DATA SHOWN:

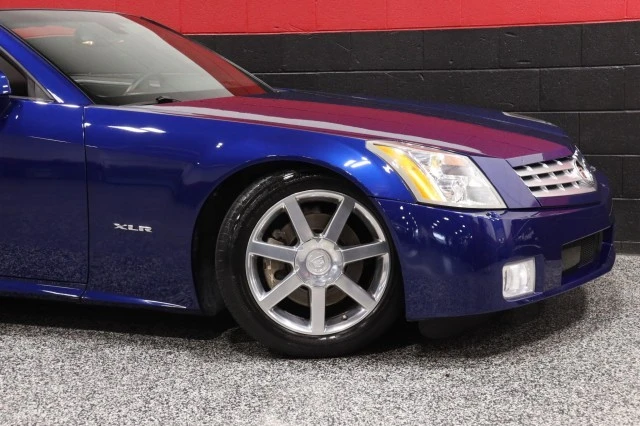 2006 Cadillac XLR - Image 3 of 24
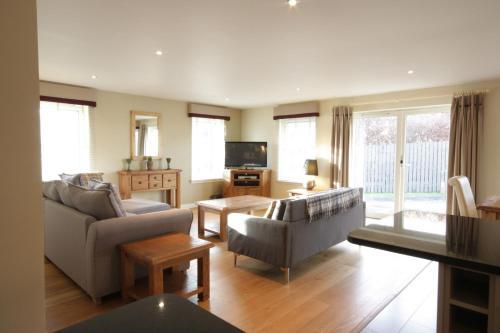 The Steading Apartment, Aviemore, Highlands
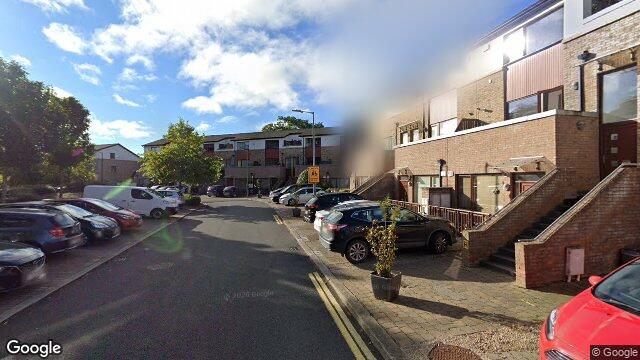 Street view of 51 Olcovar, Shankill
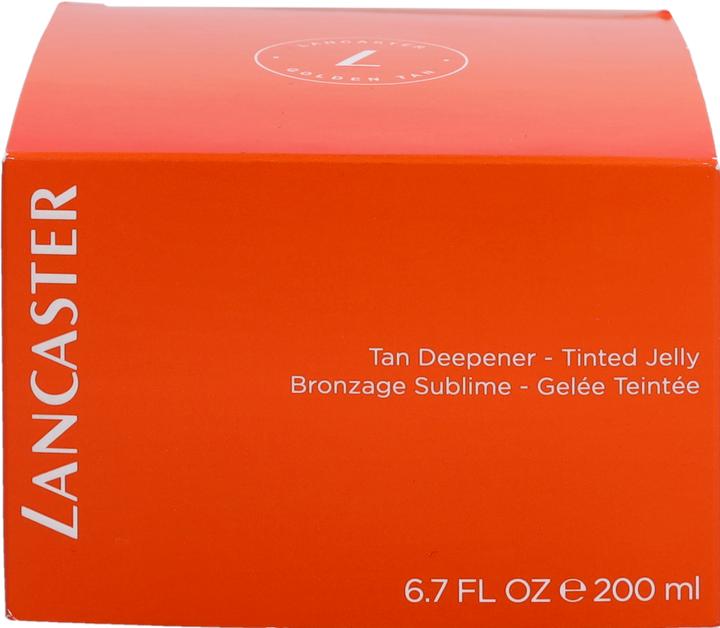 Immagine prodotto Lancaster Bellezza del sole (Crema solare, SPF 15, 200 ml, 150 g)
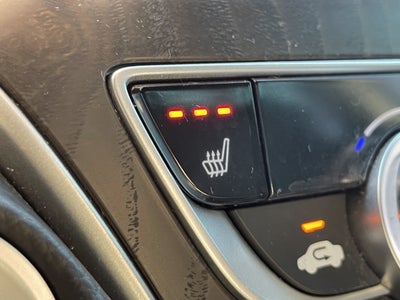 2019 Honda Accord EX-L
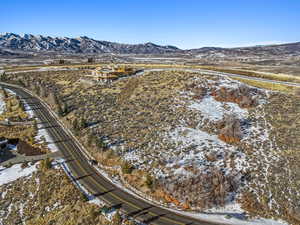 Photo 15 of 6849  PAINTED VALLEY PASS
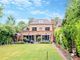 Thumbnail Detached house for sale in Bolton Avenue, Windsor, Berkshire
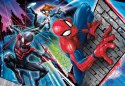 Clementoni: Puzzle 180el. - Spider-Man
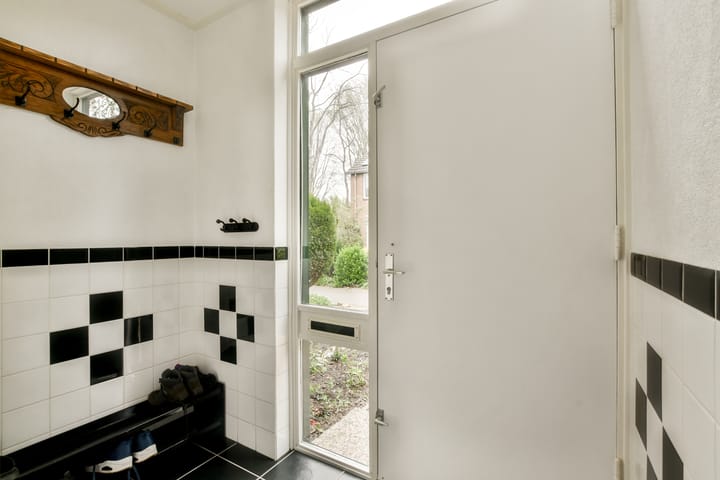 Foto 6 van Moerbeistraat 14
---
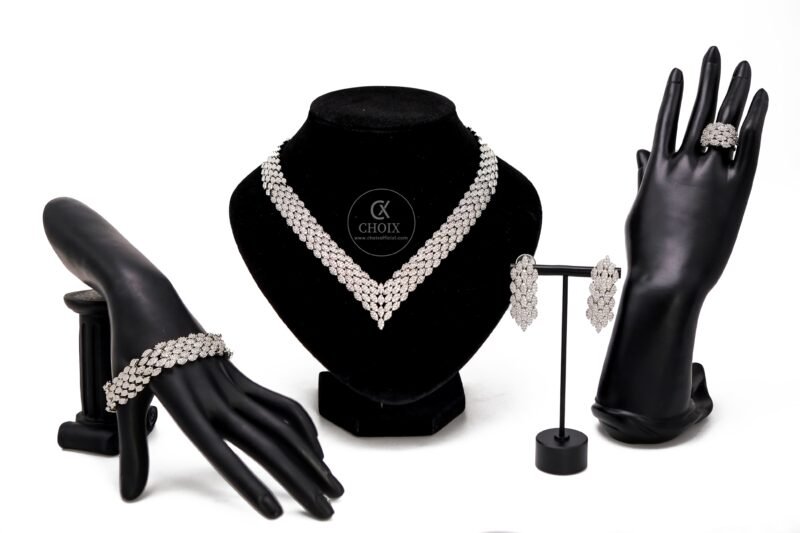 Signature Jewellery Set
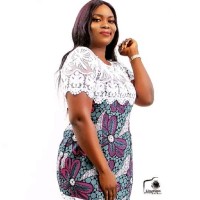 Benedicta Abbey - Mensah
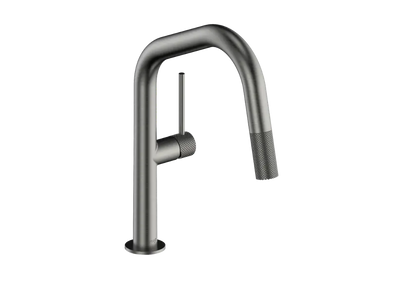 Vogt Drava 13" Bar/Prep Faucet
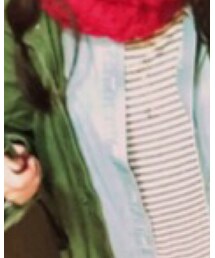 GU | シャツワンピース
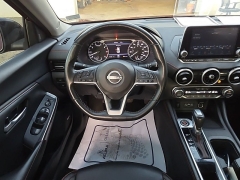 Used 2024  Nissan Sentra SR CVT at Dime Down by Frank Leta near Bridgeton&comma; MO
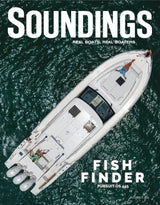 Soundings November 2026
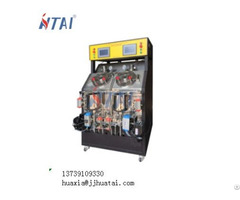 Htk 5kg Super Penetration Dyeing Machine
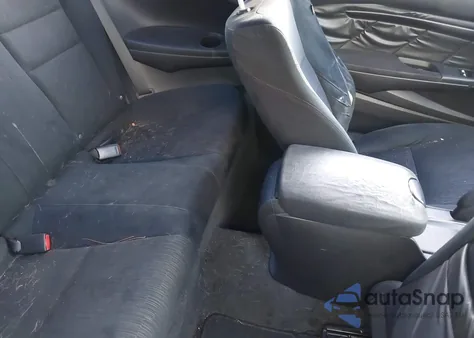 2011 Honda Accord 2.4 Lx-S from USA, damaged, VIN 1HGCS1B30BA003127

WORK REQUEST: Taking the entries above, extract every line from the one bearing "2006 Cadillac XLR - Image 3 of 24" through the one bearing "Foto 6 van Moerbeistraat 14", exactly, with no pictures.

SOLVED PROBLEM:
 2006 Cadillac XLR - Image 3 of 24
 The Steading Apartment, Aviemore, Highlands
 Street view of 51 Olcovar, Shankill
 Immagine prodotto Lancaster Bellezza del sole (Crema solare, SPF 15, 200 ml, 150 g)
 2019 Honda Accord EX-L
 Photo 15 of 6849  PAINTED VALLEY PASS
 Thumbnail Detached house for sale in Bolton Avenue, Windsor, Berkshire
 Clementoni: Puzzle 180el. - Spider-Man
 Foto 6 van Moerbeistraat 14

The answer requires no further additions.